I’m sure there are some parts of the book that I did enjoy.  It certainly picked up after Chip was in it less.  And Denise’s parts were actually pretty entertaining.  But the overwhelming feeling that I am left with is disappointment.  And after leaving it some time, a good couple of weeks, it’s the feeling that I’m left with.  There are no parts of the book that stand out as excellent and I wanted there to be.  I always want there to be when I read a book on The List.  This isn’t like Intimacy.  I can why people could love this book, but I don’t.  I think maybe if I’d been in a different frame of mind when reading it I’d have loved it and would be singing its praises right now; or even if Franzen had started the whole thing by introducing us to Denise rather than Chip the chauvinist.
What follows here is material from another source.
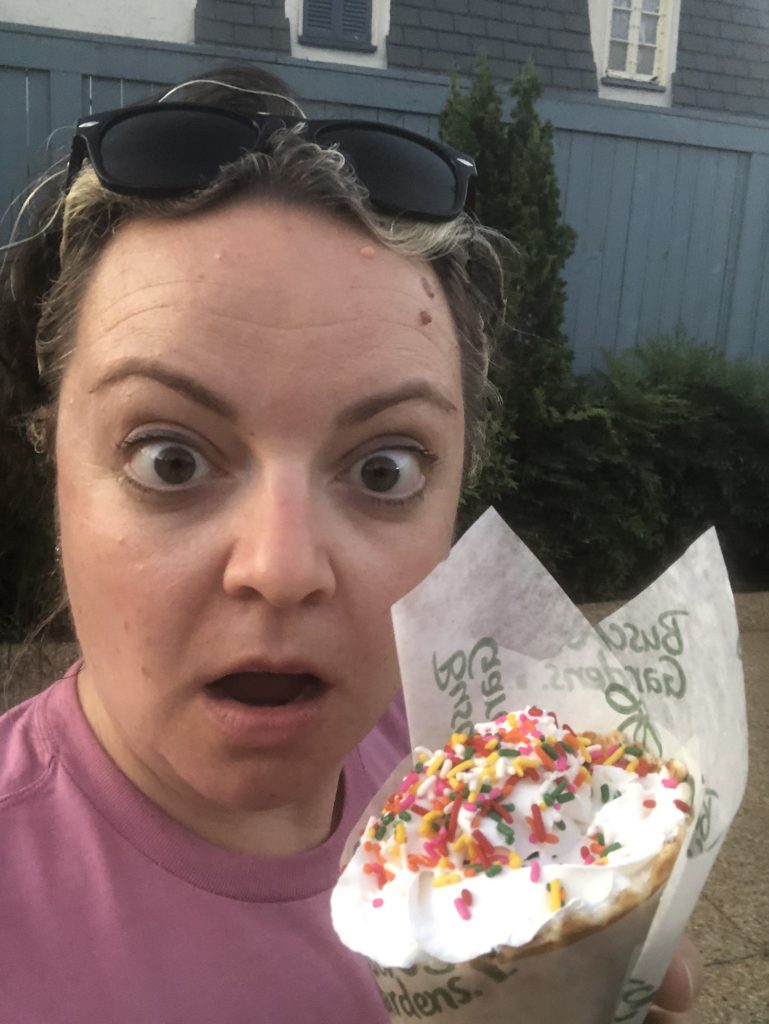 Taste of Busch Gardens Review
I’m now reading Momento Mori by Muriel Spark.  

Sunday, 16 August 2015

Intimacy

I so enjoyed TheBuddha of Suburbia that I was super looking forward to reading more of Hanif Kureishi’s work, even more so when I found out that he also wrote My Beautiful LaundretteMy Beautiful Laundrette is a wonderful film.  I can’t recommend it enough; if you haven’t already seen it, go and watch it now.  Even if mid-1980s mixed-race gay relationships aren’t your thing, it’s worth a watch for Daniel Day-Lewis’s hair alone.  Anyway, back to the point: I had high expectations for Intimacy.  It doesn’t really disappoint, but after such a long run of great books, it seems a little mediocre. 

The plot is simply the thoughts of a man, Jay, on the night before he leaves partner Susan and their two children.  Jay’s kind of a jerk.  After refusing to marry Susan he repeatedly proposes to his much younger mistress.  I’m not a big believer in marriage, but even I can see that this is a pretty shitty move on Jay’s part.  Everything plot-wise is revealed in flashbacks, so we get a sense of the relationship falling apart while we already know that, ultimately, Jay has no real interest in saving it.  I spent a lot of this book feeling bad for Susan.  She could do better.  It’s not by any means a bad book- no I didn’t like the main character and the ending- to spoiler it- is completely unbelievable.  His oft proposed to ex-mistress is waiting with open arms once Jay leaves his family.  It doesn’t seem likely and he’s not likeable enough that the unlikely can be overlooked.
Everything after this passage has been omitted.